Awards & Honors

Solar Roofpod’s Sweet Grant

After a bountiful fall harvest from a garden extension to The City College of New York’s award-winning Solar Roofpod come the bees. The nationally recognized rooftop project designed by students in CCNY’s Bernard and Anne Spitzer School of Architecture, under the guidance of Professor Christian Volkmann, is the recipient of a Sponsor-A-Hive grant of honey bees from The Honeybee Conservancy. It is part of the conservancy’s mission to save bees.

The grant to City College and its partner, the CCNY-based High School for Math, Science and Engineering, includes beehives, bees, a beekeeping suit, and a professional beekeeper to help set up the colony. Weather permitting, the colony will be in place by spring.
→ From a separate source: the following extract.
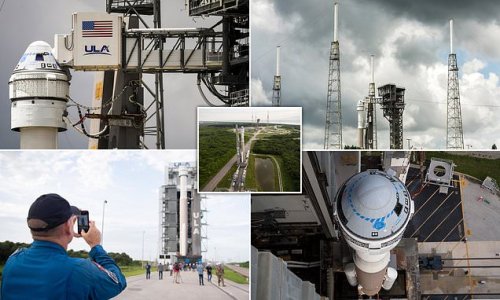 Boeing SCRUBS attempt to launch its $410 million Starliner capsule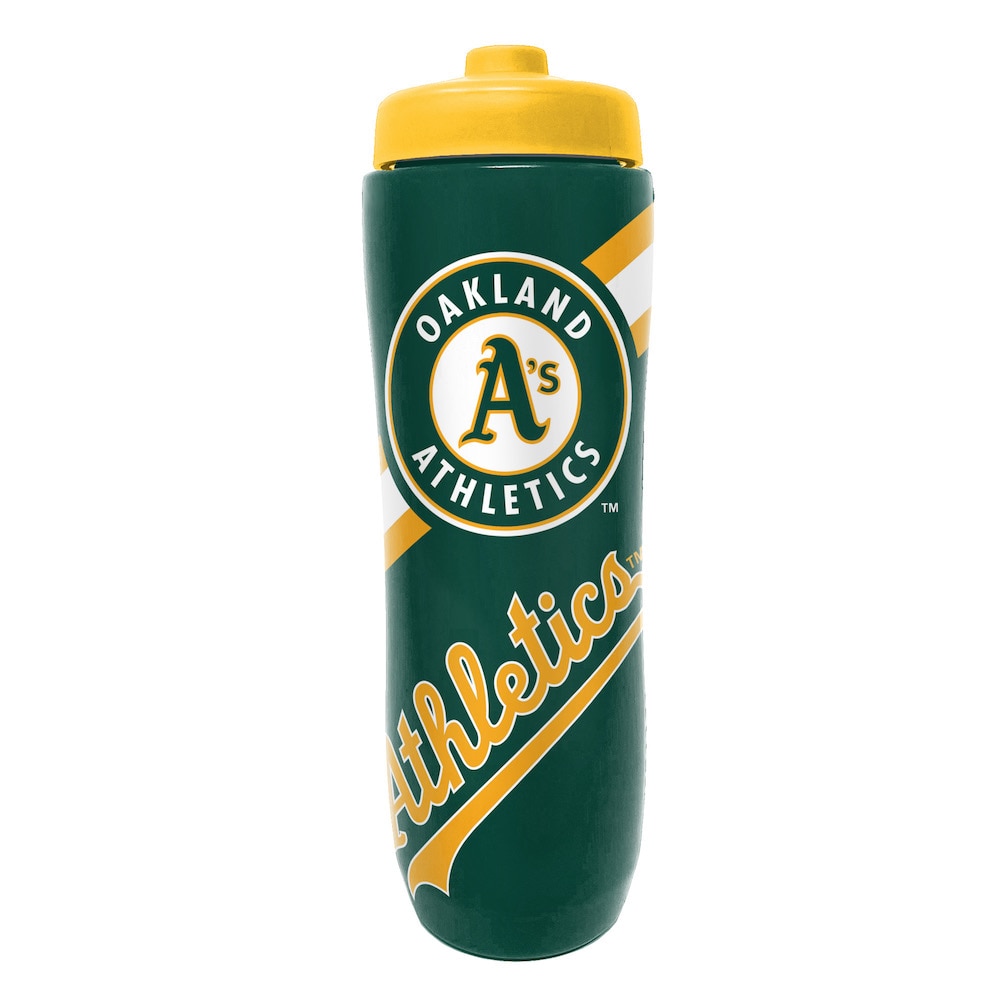 Oakland Athletics Squeezy Water Bottle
According to the Honeybee Conservancy, bees offer a wonderful way for children and communities to learn about science, ecology, agriculture, societal structure, mutual cooperation, and even history – all by caring for and observing the activity of bees maintained on an on-site bee house. Its innovative Sponsor-A-Hive grants enable people to safely set up, maintain, and observe on-site bee sanctuaries at schools, community gardens, and green spaces across the United States.
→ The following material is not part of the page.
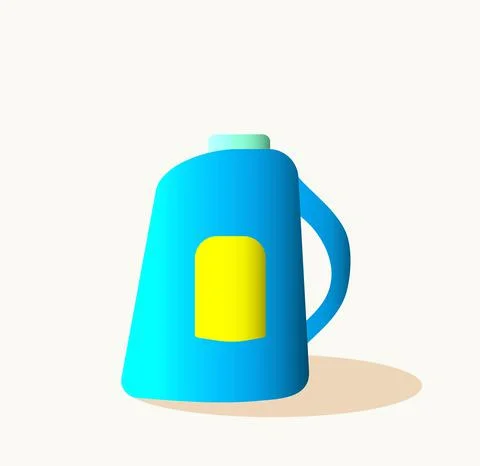 Bottle cleaner vector Stock Illustration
Bees are strategically placed in locations where they can bolster bee populations, advance science and environmental education, and pollinate locally grown food.

Located atop the Spitzer School of Architecture building at CCNY, the RoofPod was built by Spitzer students. It was envisaged as a solution to New York City’s energy and emission problems and placed second in the “People’s Choice Award” at the U.S. Department of Energy’s 2011 Solar Decathlon on the National Mall.